The GI strategy for Scotland was introduced in 2005 to provide a sustainable SDI, through the ’’One Scotland – One Geography’’ implementation plan. This documentation notes that it should be able to provide linkages to the ’’Spaces, Faces and Places of Scotland’’. Although plans for a GI strategy have been in existence for some time, it was revealed at the AGI Scotland 2007 conference that a recent budget review by the Scottish Government indicated there will not be an allocation of resources to fund this initiative within the next term. Therefore, a business plan will need to be presented in order to outline the cost-benefits involved with taking up the strategy.

Standards
The main standards for Distributed GIS are provided by the Open Geospatial Consortium (OGC). OGC is a non-profit international group which seeks to Web-Enable GIS and in turn Geo-Enable the web. One of the major issues concerning distributed GIS is the interoperability of the data since it can come in different formats using different projection systems. OGC standards seek to provide interoperability between data and to integrate existing data.

OGC
In terms of interoperability, the use of communication standards in Distributed GIS is particularly important. General standards for Geospatial Data have been developed by the Open Geospatial Consortium (OGC). For the exchange of Geospatial Data over the web, the most important OGC standards are Web Map Service (WMS) and Web Feature Service (WFS).

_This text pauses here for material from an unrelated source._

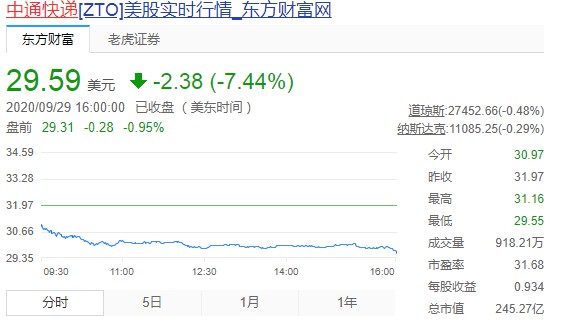 高盛首予中通快递H股“买入”评级 目标价318港元_物流_电商之家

Using OGC compliant gateways allows for building very flexible Distributed GI Systems. Unlike monolithic GI Systems, OGC compliant systems are naturally web-based and do not have strict definitions of servers and clients. For instance, if a user (client) accesses a server, that server itself can act as a client of a number of further servers in order to retrieve data requested by the user. This concept allows for data retrieval from any number of different sources, providing consistent data standards are used.
This concept allows data transfer with systems not capable of GIS functionality. A key function of OGC standards is the integration of different systems already existing and thus geo-enabling the web. Web services providing different functionality can be used simultaneously to combine data from different sources (mash-ups). Thus, different services on distributed servers can be combined for ‘service-chaining’ in order to add additional value to existing services. Providing a wide use of OGC standards by different web services, sharing distributed data of multiple organisations becomes possible.

Some important languages used in OGC compliant systems are described in the following. XML stands for eXtensible Markup language and is widely used for displaying and interpreting data from computers. Thus the development of a web-based GI system requires several useful XML encodings that can effectively describe two-dimensional graphics such as maps SVG and at the same time store and transfer simple features GML. Because GML and SVG are both XML encodings, it is very straightforward to convert between the two using an XML Style Language Transformation XSLT. This gives an application a means of rendering GML, and in fact is the primary way that it has been accomplished among existing applications today. XML can introduce innovative web services, in terms of GIS. It allows geographic information to be easily translated in graphic and in these terms scalar vector graphics (SVG) can produce high quality dynamic outputs by using data retrieved from spatial databases. In the same aspect Google, one of the pioneers in web-based GIS, has developed its own language which also uses a XML structure. Keyhole Markup Language (KML) is a file format used to display geographic data in an earth browser, such as Google Earth, Google Maps, and Google Maps for mobile browsers

Global System for Mobile Communications
Global System for Mobile Communications (GSM) is a global standard for mobile phones around the world. Networks using the GSM system offer transmission of voice, data and messages in text and multimedia form and provide web, telenet, ftp, email services etc. over the mobile network. Almost two million people are now using GSM. Five main standards of GSM exist: GSM 400, GSM 850, GSM 900, GSM-1800 (DCS) and GSM1900 (PCS). GSM 850 and GSM 1900 is used in North America, parts of Latin America and parts of Africa. In Europe, Asia and Australia GSM 900/1800 standard is used.

GSM consists of two components: the mobile radio telephone and Subscriber Identity Module. GSM is a cellular network, which is a radio network made up of a number of cells. For each cell, the transmitter (known as a base station) is transmitting and receiving signals. The base station is controlled through the Base Station Controller via the Mobile Switching Centre.

For GSM enhancement General Packet Radio Service (GPRS), a packet-oriented data service for data transmission, and Universal Mobile Telecommunications System (UTMS), the Third Generation (3G) mobile communication system, technology was introduced. Both provide similar services to 2G, but with greater bandwidth and speed.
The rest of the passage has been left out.